That’s better, but if you try that example you’ll see FSharp throws a warning in the DescribeCard function. It claims that we have an incomplete match pattern. FSharp is concerned that a card might come along that doesn’t match either Black or Red.

We know we’ve got our bases covered, but the use of Partials hides that fact from FSharp. What happens if a card comes along that gets ‘None’ from both (|Black|) and (|Red|). I knew those damn Jokers would bite us in the ass.

We could throw in a dummy catch all case that would get rid of the warning, but where’s the fun in that?

This, as it happens is an ideal scenario for a Multi-Case Active Pattern. We know that the full range of possible values for a card (i.e. all 52 cards) must map to one of a small set of possibilities (Red and Black). We can make that fact explicit using a Multi-Case active pattern and kill off a compiler warning in the process.

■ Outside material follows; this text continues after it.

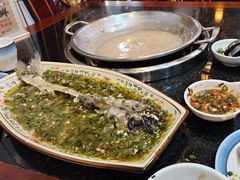 -老来福·非遗酸汤兔(凯旋路店)
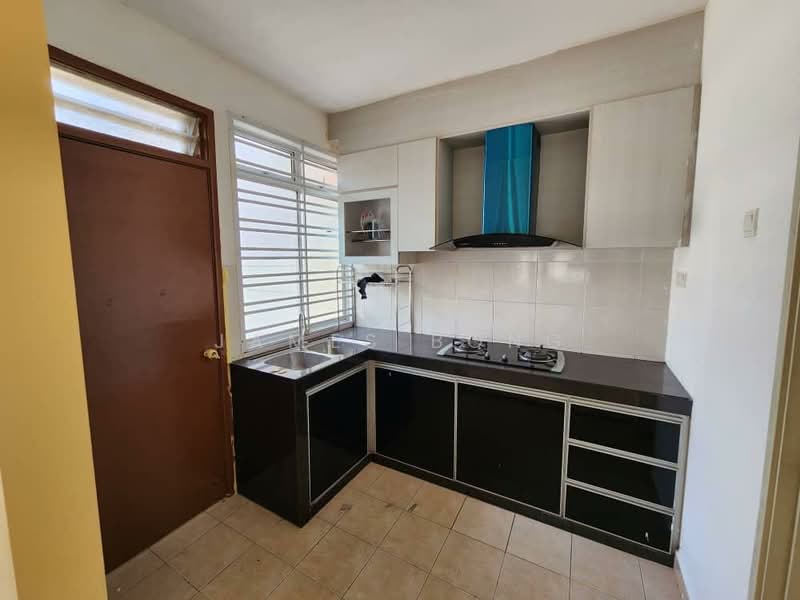 Rumah Kluster untuk Dijual di Taman Sierra Perdana (Masai) - James Bong - Kitchen - PropertyGuru.com.my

let (|Red|Black|) (card: Card) =
    match card with
    | _,Hearts|_,Diamonds -> Red card
    | _ -> Black card

let DescribeCard (card: Card) =
    match card with
    | Red (rank, suit) -> sprintf "The %A of %A is Red" rank suit
    | Black (rank, suit) -> sprintf "The %A of %A is Black" rank suit

The partials are gone. There’s no more ‘Some card’ or ‘None’. Every card is classified as either a ‘Black card’ or a ‘Red card’. Our match expression doesn’t throw a warning any more because FSharp can understand that Red and Black are the Only possibilities for cards, and we handle them both.

Bringing It All Together
Let’s finish with a nice meaty example that brings together the various types of pattern we’ve covered. We’ll use Single and Multiple Active Patterns to pattern match and describe a hand of Blackjack cards. To keep things simple Ace will count as 11 only, it won’t also count as 1.

The points attached to each card are determined by the Rank. We’ll start with a function that scores a card.

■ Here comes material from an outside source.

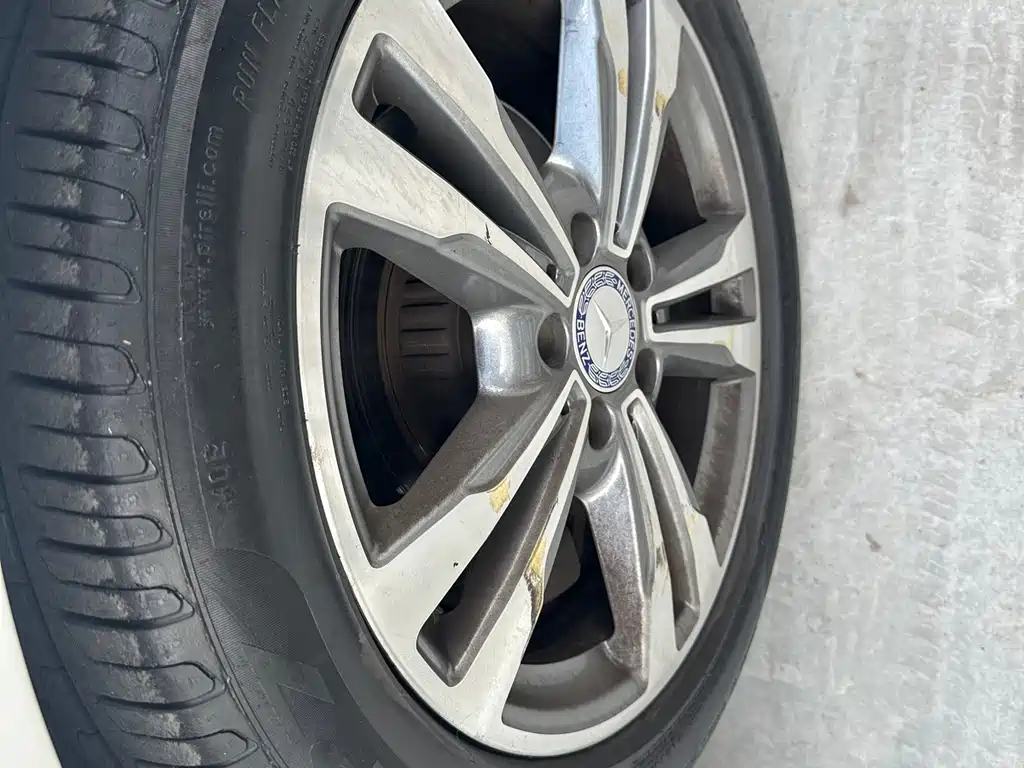 Mercedes-Benz C-Class — миниатюра 13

let CardScore (card: Card ) = 
    match fst card with
    | Two -> 2
    | Three -> 3
    | Four -> 4
    | Five -> 5
    | Six -> 6
    | Seven -> 7
    | Eight -> 8
    | Nine -> 9
    | Ten | Jack | Queen | King-> 10
    | Ace -> 11

Our Active Patterns are going to look at hands and tell us something about them. Every hand has a Score so (|Score|) can be a Single Total Active Pattern. And, it’s really easy to write.

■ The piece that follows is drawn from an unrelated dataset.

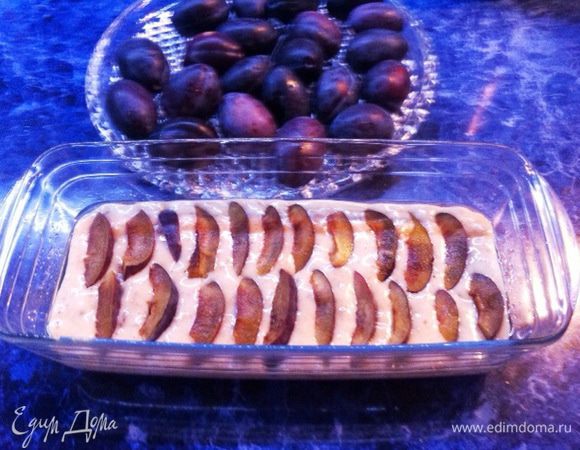 Было очень поздно, форма для маффинов у меня на 6 порций, поэтому оставшееся тесто, я вылила в форму для кекса и приготовила большой "маффин".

let (|Score|) (hand: Card List) =
    |> List.sumBy CardScore

The number of cards is also a Single Total Active Pattern, and a useful piece of information, as we’ll see in a moment.

let (|Cards|) (hand: Card List) =
    List.length hand

We now have everything we need to fit a hand of cards into one of five possibilities. A Multiple Active Pattern will work. Notice how the code is about as close to a description of the rules as you can get. We literally list the various types of hands. Blackjack is when we have 2 cards with a combined score of 21, A Pair is when we have two cards with the same Rank and we don’t care about the Suits.

let (|Bust|Blackjack|TwentyOne|Pair|Under|) (hand: Card List) =
    match hand with
    | Score s when s > 21 -> Bust
    | Cards 2 & Score 21 -> Blackjack
    | Score 21 -> TwentyOne
    | [(r1,_); (r2,_)] when r1 = r2 -> Pair r1
    | Score s -> Under s

Some of the cases simply identify the type of hand Bust, Blackjack, TwentyOne. Others package some information with the hand type. Pair tells us the Rank of the pair. Under tells us the score. This Multi-Case active pattern is working with Single Case Active Patterns, and together they make the following function really easy to write.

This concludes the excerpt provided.